China’s November factory activity rebounded for the first time in seven months, data showed Saturday, despite the looming threat of fresh US tariffs within weeks if Beijing and Washington fail to sign a partial trade deal.
The closely watched Purchasing Managers’ Index (PMI), a key gauge of activity in the country’s factories, rose to 50.2 in November, up from 49.3 last month, the National Bureau of Statistics said.
The reading is slightly above the 50-point mark that separates growth and contraction every month.
A sub-index of new export orders climbed to a 7-month high at 48.8, but was still in contraction as demand wanes for China’s exports abroad.

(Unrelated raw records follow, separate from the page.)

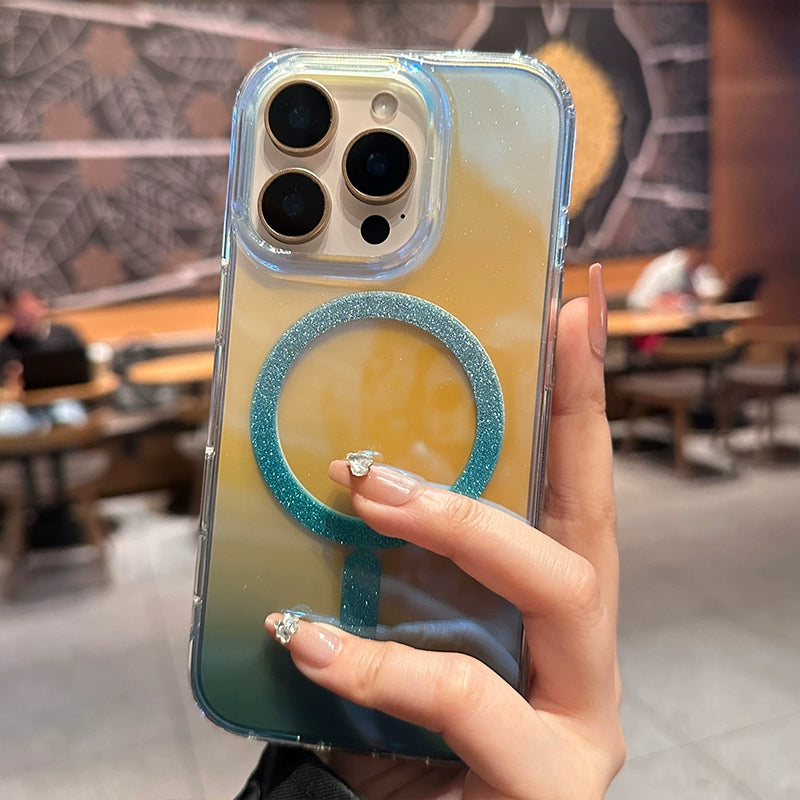 Gradient Transparent Magnetic Phone Case For iPhone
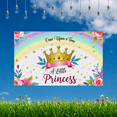 thumbnail image 4 of Once Upon a Time A Little Princess Themed Background, Rainbow Crown Floral Banner, Party Decoration, Birthday Party Supplies, Photography Props, Girls Party Decor, 4 of 7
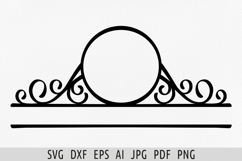 Address sign frame Circle frame svg Border svg Name frame Product Image 1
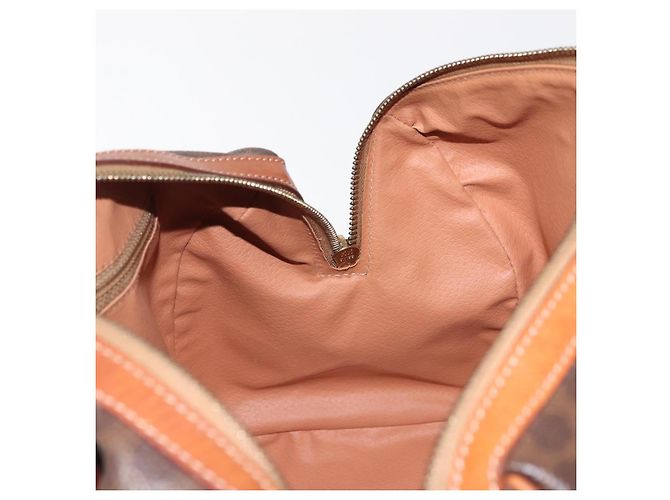 Céline Borsa Boston in tela Macadam CELINE PVC marrone oro Auth SW1520 D'oro - vista 19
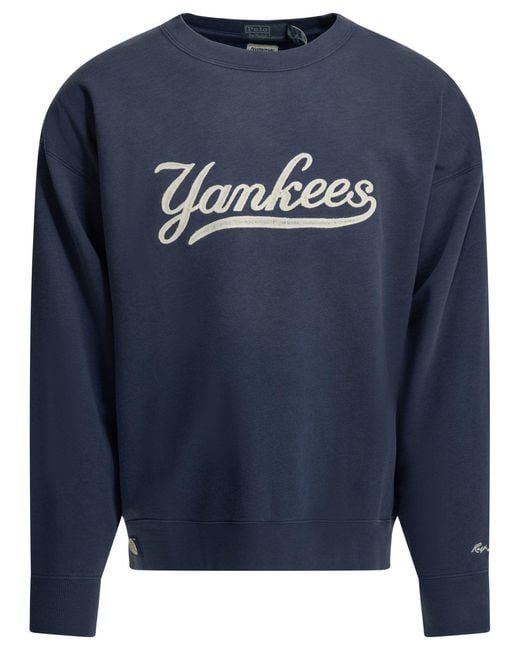 Polo Ralph Lauren Blue X Mlb Collection" Crewneck Sweatshirt for men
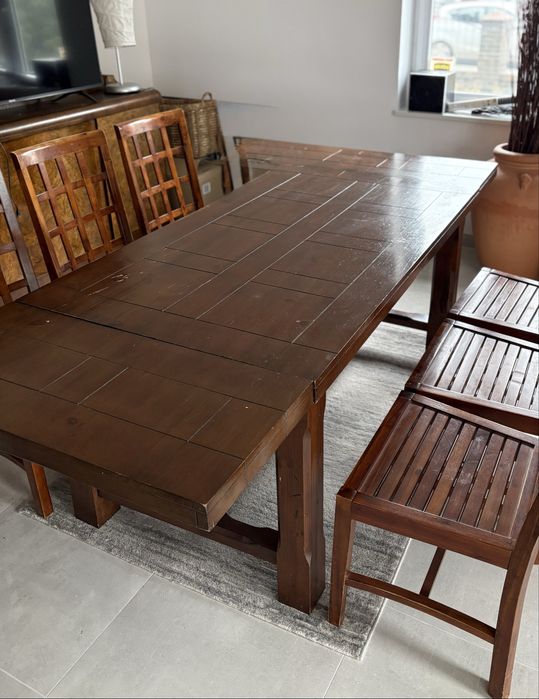 Stół drewniany rozkładany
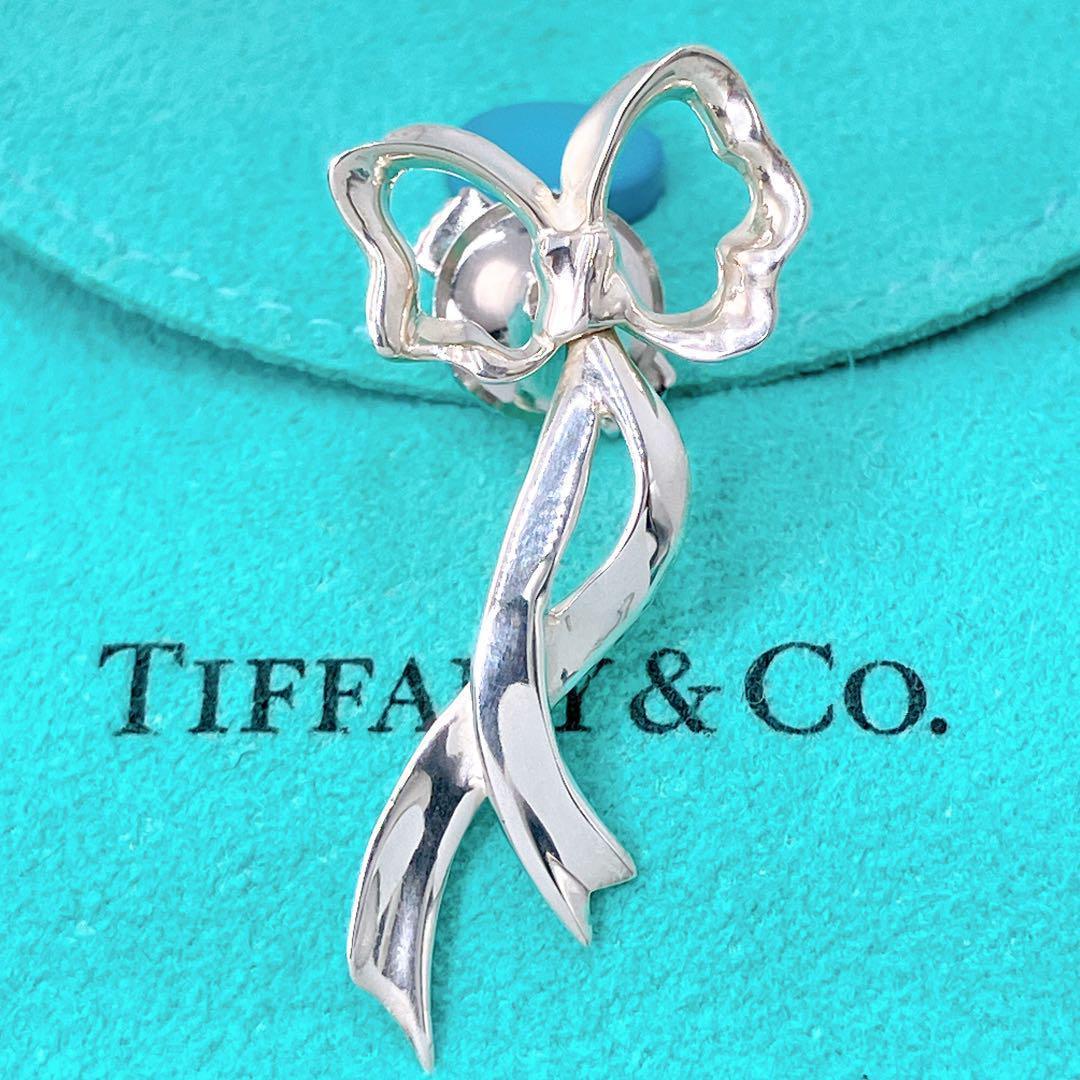 美品 オールドティファニー ピンバッジ ブローチ シルバー925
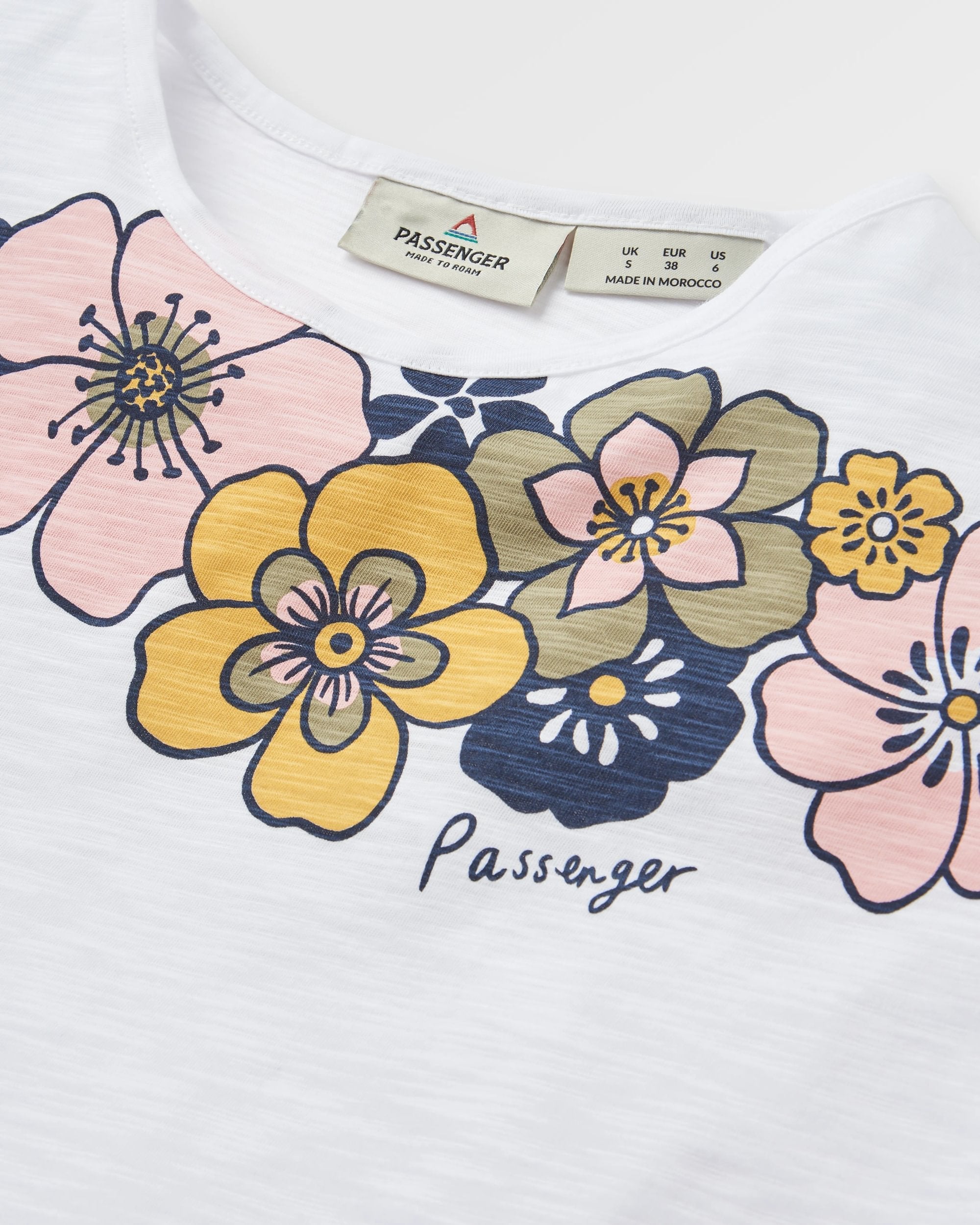 Floral Recycled Cotton T-Shirt - White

Ting Lu, chief China economist at investment bank Nomura, says “the blip” of a rise in the official manufacturing PMI doesn’t signify a recovery in the economy.
“The jump of manufacturing PMI from 49.2 in Feb to 50.5 in March this year made the whole market very excited about a strong recovery, but it turned out to be an illusion,” said Lu.
“This time is no different.”
The reading comes as Beijing and Washington edge towards a partial deal to a trade war that has dragged on for nearly 20 months.
Top US and Chinese negotiators held phone talks on Tuesday and agreed to keep in touch over “remaining issues” for a “phase one” trade deal between the two countries, Chinese state media said.
The two sides have slapped tariffs on nearly half a trillion dollars worth of goods in two-way trade, and US President Donald Trump is threatening fresh tariffs in mid-December if there is no mini-deal.
Beijing has also implemented a number of measures to stimulate the economy, which expanded at its slowest pace in nearly three decades in the third quarter.
People’s Bank of China trimmed the interest rate it charges on funding to commercial lenders last week, to boost lending to credit-starved parts of the economy.